▶ _Task_: Please repeat the data below exactly, with the pictures removed.

▶ _Raw data_:
-------

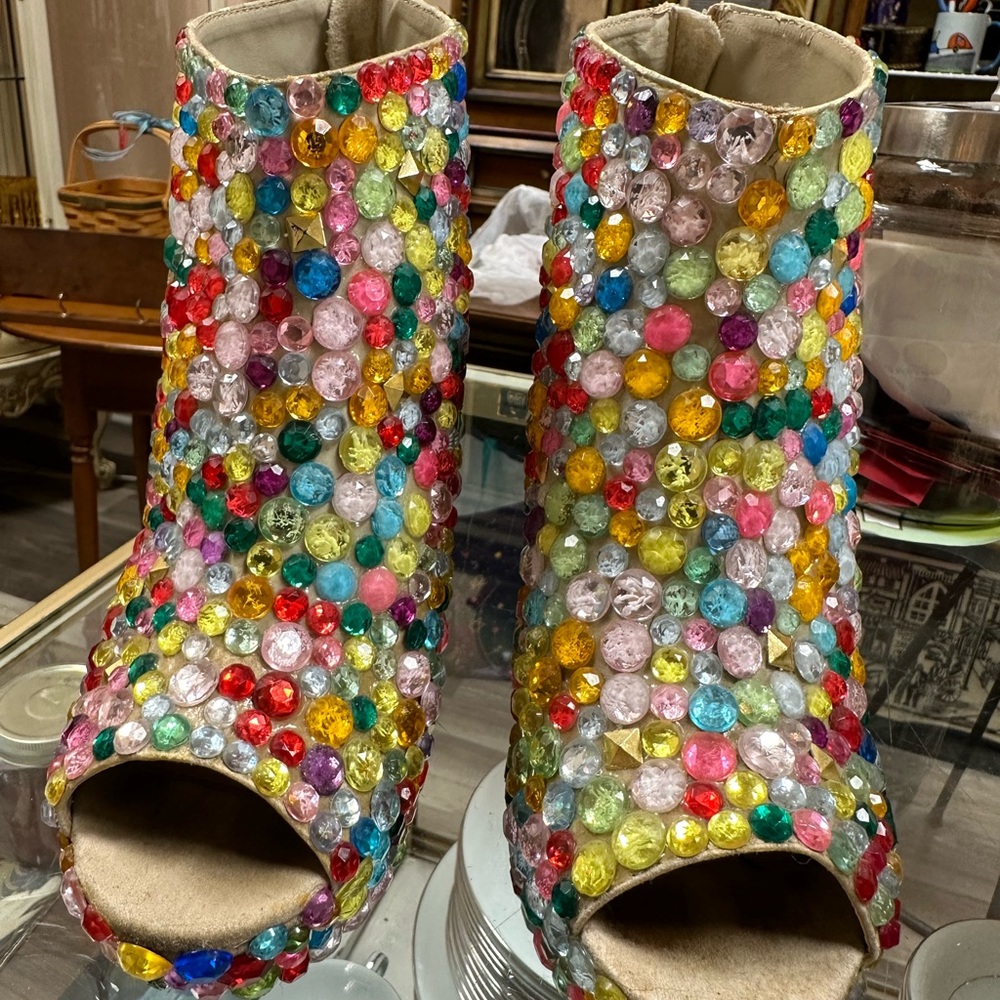 ✨Gorgeous embellished HAUS OF PRICE booties in size 7.5!✨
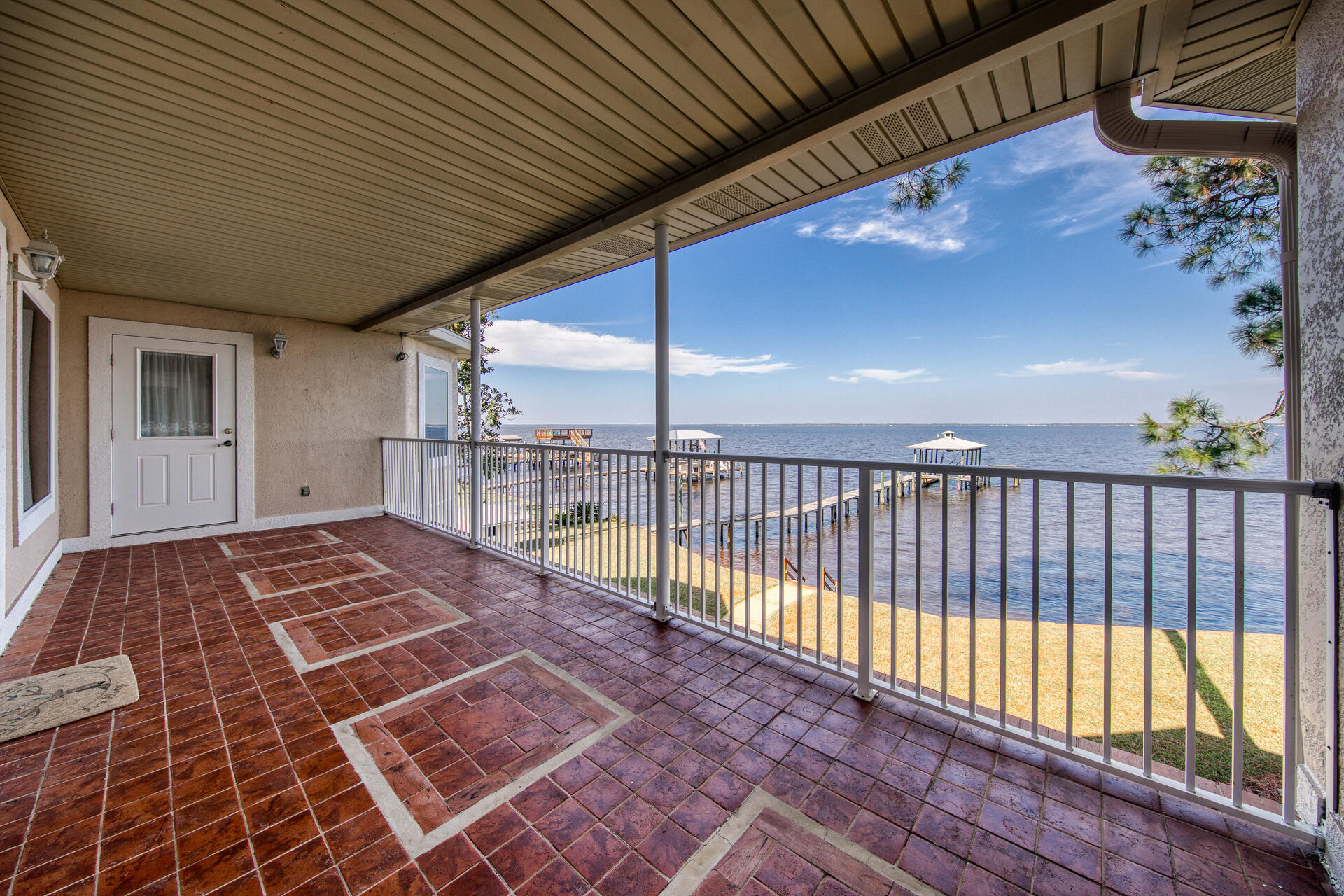 DRIFTWOOD SHORES - Residential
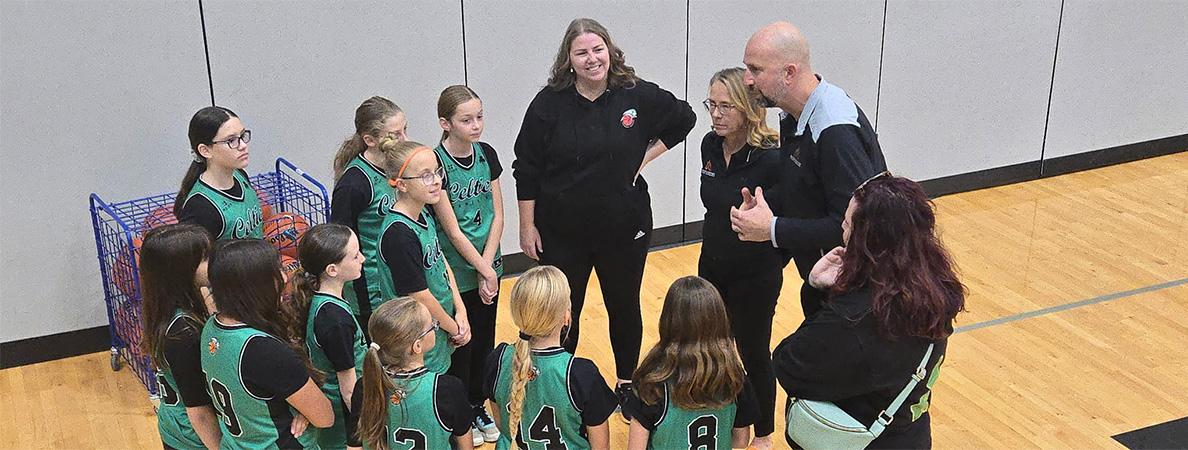 Girls basketball team.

-------

▶ _Task result_:
 ✨Gorgeous embellished HAUS OF PRICE booties in size 7.5!✨
 DRIFTWOOD SHORES - Residential
 Girls basketball team.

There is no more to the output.